GIVEN DATA:
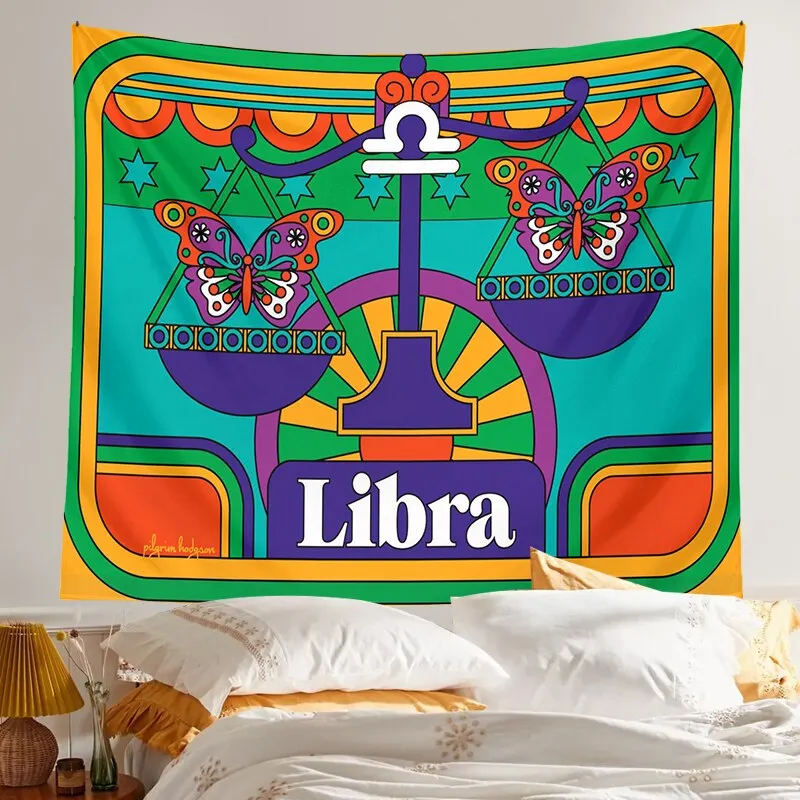 Tarot Astrology Tapestry Wall Hanging Constellation Hippie Decor Trippy Divination Beach Mat Sun Moon Wall Decor Boho INS Print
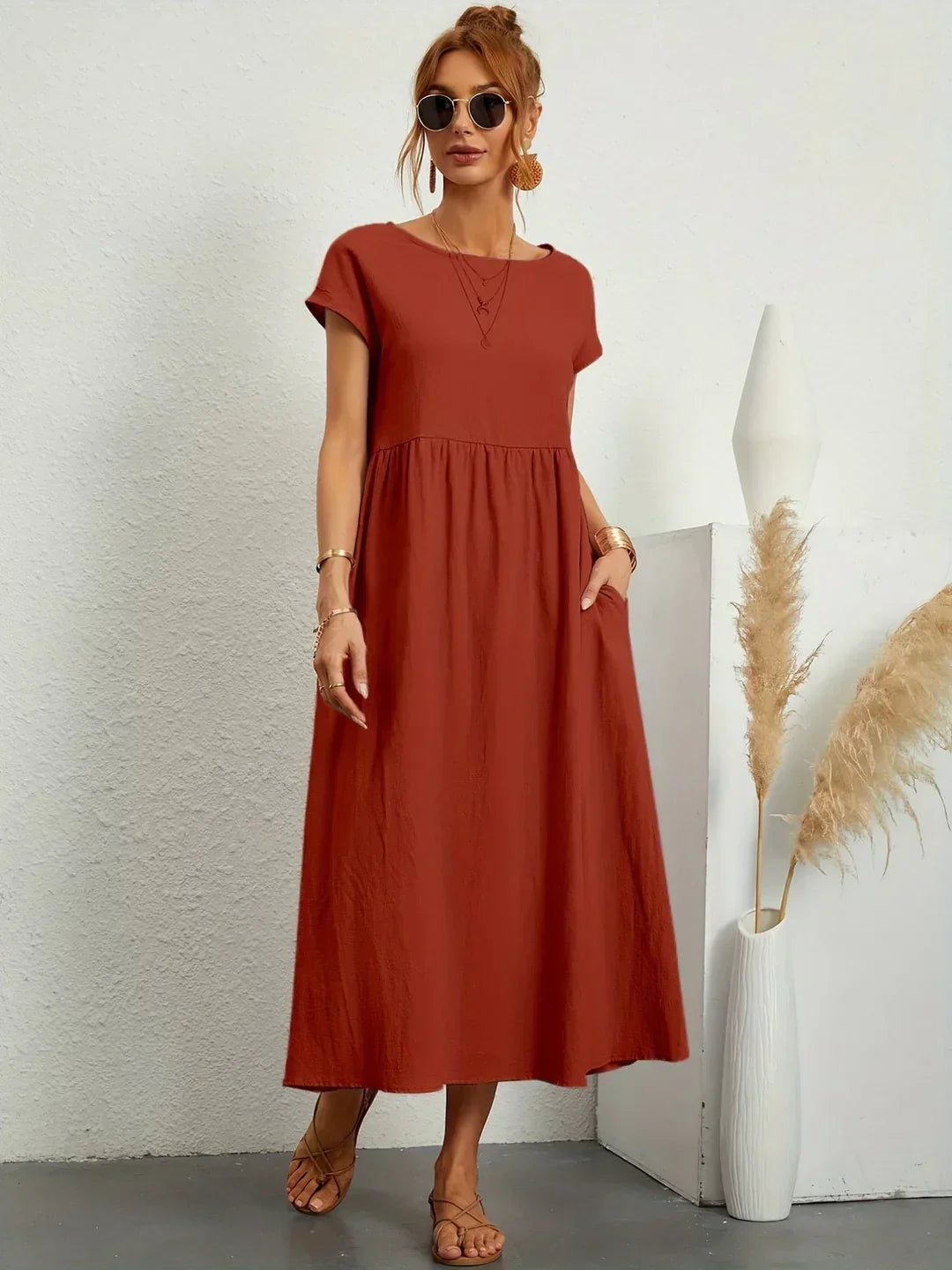 Gabrielle — Robe midi fluide élégance intemporelle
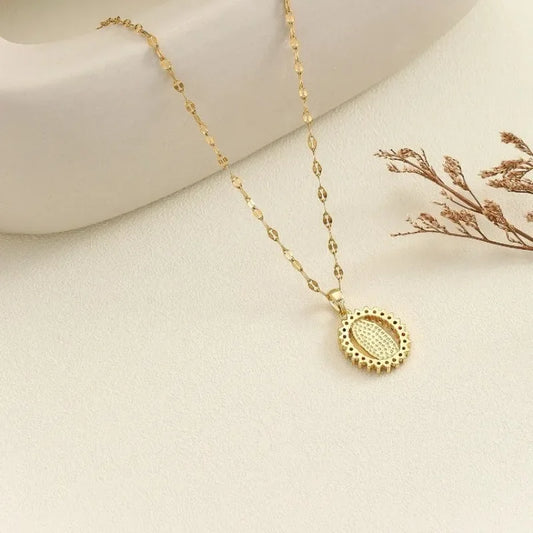 European and American Fashion and Gorgeous Women's All Sky Star Micro Inlaid Colorful Zircon Virgin Mary Hollow Necklace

EXERCISE PROMPT: Starting with the line that contains "Gabrielle — Robe", repeat each line exactly through the last line of the data above, and nothing more; the pictures stay out.

TASK RESPONSE:
 Gabrielle — Robe midi fluide élégance intemporelle
 European and American Fashion and Gorgeous Women's All Sky Star Micro Inlaid Colorful Zircon Virgin Mary Hollow Necklace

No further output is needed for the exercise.